- SPD, Greens and FDP signal readiness to reform EU's fiscal rules
- Coalition ready to complete EU's banking union under conditions
BERLIN, Nov 24 (Reuters) - The three parties set to form Germany's next government want to increase public investment in green technology and digitalisation while returning to strict debt limits from 2023 onwards, according to a coalition deal seen by Reuters on Wednesday.
The centre-left Social Democrats (SPD), the Greens and Free Democrats agreed to strengthen the European Union's economic and monetary union and signalled an openness to reform the bloc's fiscal rules, also known as the Stability and Growth Pact.

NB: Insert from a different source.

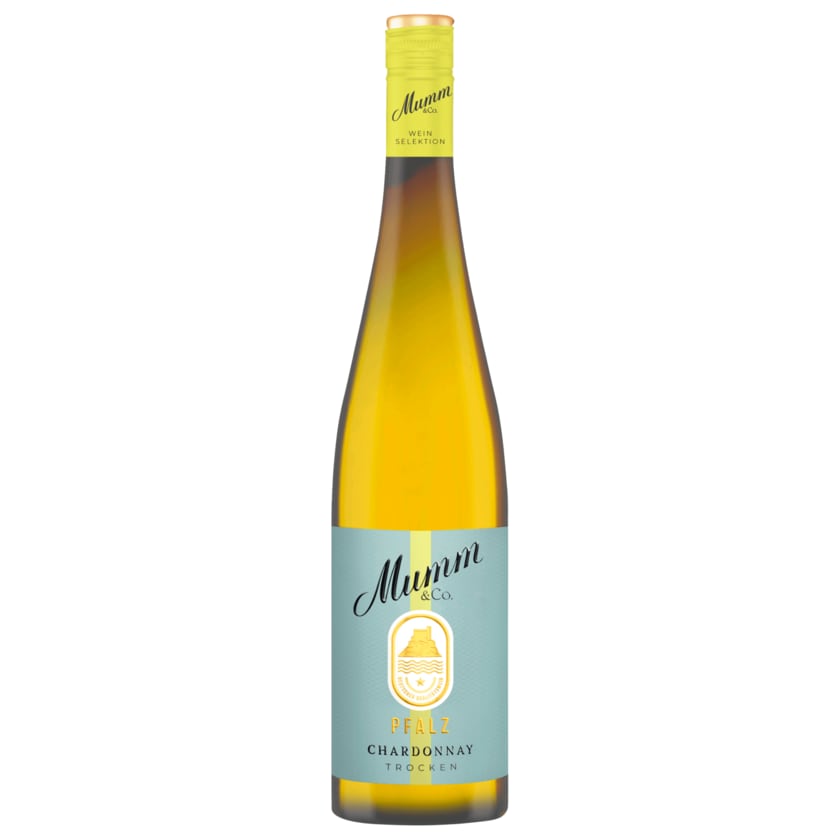 Mumm & Co. Weißwein Chardonnay Qualitätswein trocken 0,75l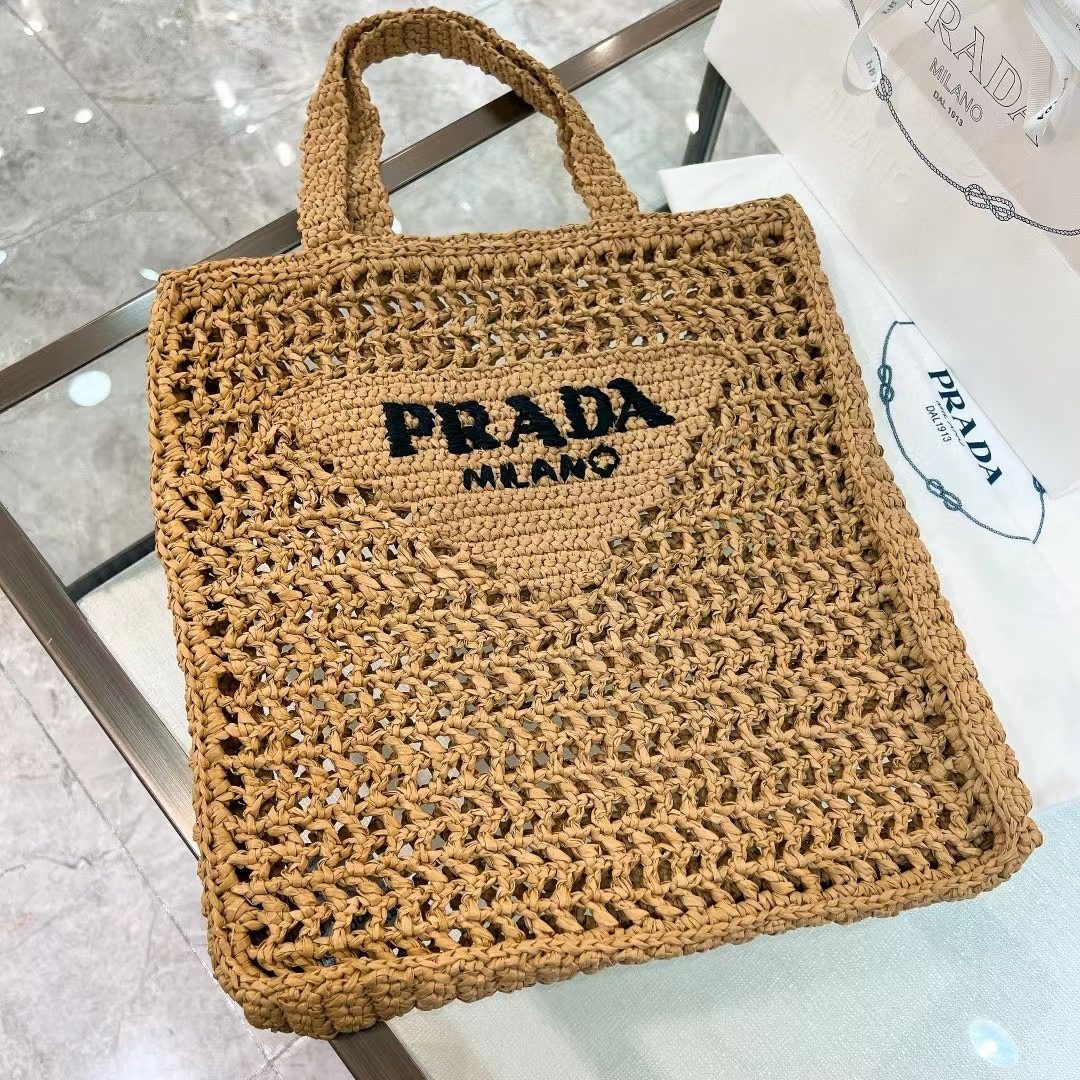 Prada Crochet Tote Bag 1BG393 view 2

Germany's next finance minister will be Christian Lindner, 42, party leader of the fiscally more conservative FDP, who has vowed to return to solid public finances and reduce public debt levels across the euro zone as soon as possible.
"The Stability and Growth Pact (SGP) has shown its flexibility. On this basis, we want to ensure growth, maintain debt sustainability and ensure sustainable and climate-friendly investments," the coalition agreement said.
"The further development of the fiscal policy rules should be based on these goals in order to strengthen their effectiveness in the face of the challenges of the time. The SGP should become simpler and more transparent, also in order to strengthen its enforcement," the document read.
The three parties said the EU's debt-financed recovery fund, also known as Next Generation EU, created to help the bloc get out of the coronavirus crisis, must remain an instrument that is "limited in terms of time and amount".
On the European banking sector, the parties pledged to complete the banking union under certain conditions to strengthen the bloc's economy and the global competitiveness of its banks.
"As part of a comprehensive package for the single market for financial services, we are ready to create a European reinsurance system for national deposit guarantee schemes where contributions are strictly differentiated based on risk," the coalition agreement said.
The prerequisite for this is a further reduction of risks in bank balance sheets, further strengthening of the resolution regime and the preservation of the security of the savings banks, with the clear aim of avoiding additional burdens on small and medium-sized banks, it said.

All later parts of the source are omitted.